Offshore banking has often been associated with the underground economy and organized crime, via tax evasion and money laundering; however, legally, offshore banking does not prevent assets from being subject to personal income tax on interest.
Advantages of Offshore Banking
- Offshore banks can sometimes provide access to politically and economically stable jurisdictions. This will be an advantage for residents in areas where there is risk of political turmoil, who fear their assets may be frozen, seized or disappear.
- Some offshore banks may operate with a lower cost base and can provide higher interest rates than the legal rate in the home country due to lower overheads and a lack of government intervention.
- Interest is generally paid by offshore banks without tax being deducted. This is an advantage to individuals who do not pay tax on worldwide income, or who do not pay tax until the tax return is agreed, or who feel that they can illegally evade tax by hiding the interest income.
- Some offshore banks offer banking services that may not be available from domestic banks such as anonymous bank accounts, higher or lower rate loans based on risk and investment opportunities not available elsewhere.

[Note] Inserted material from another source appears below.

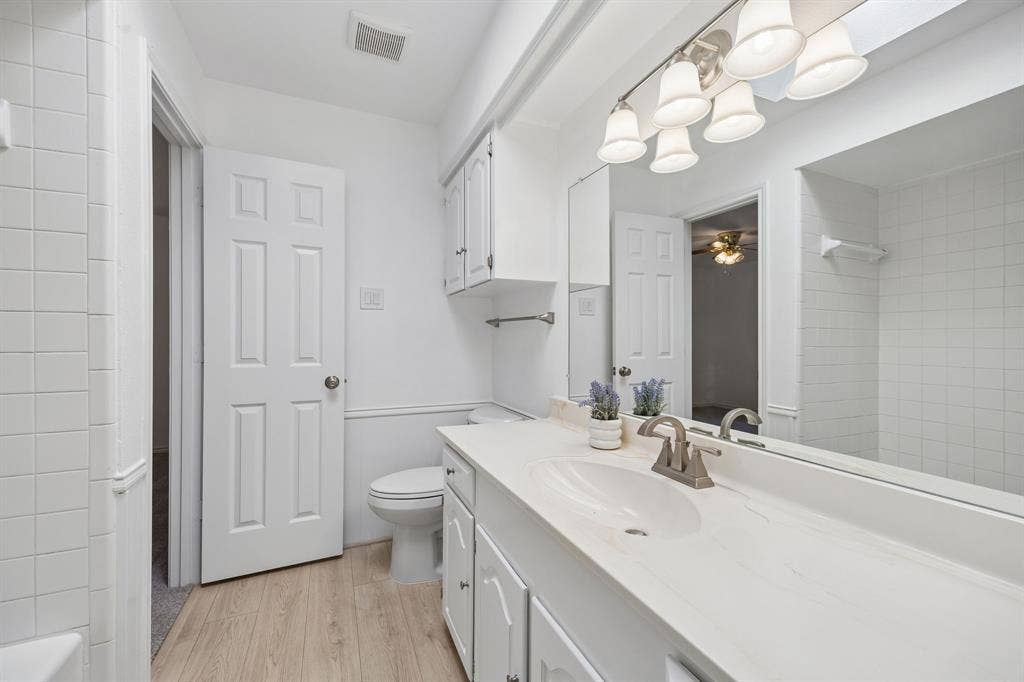 10014 Hickory Crossing, Dallas, TX 75243 Jack and Jill Bathroom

Disadvantages of Offshore Banking
- Offshore bank accounts are sometimes less financially secured. In a banking crisis which swept the world in 2008, some savers lost funds that were not insured by the country in which they were deposited.
Those who had deposited with the same banks onshore received all of their money back. Thus, banking offshore is historically riskier than banking onshore.
- Offshore banking has been associated in the past with the underground economy and organized crime, through money laundering.
Following September 11, 2001, offshore banks and tax havens, along with clearing houses, have been accused of helping various organized crime gangs, terrorist groups, and other state or non-state actors.
However, offshore banking is a legitimate financial exercise undertaken by many expatriate and international workers.
- Offshore jurisdictions are often remote, and therefore costly to visit, so physical access and access to information can be difficult.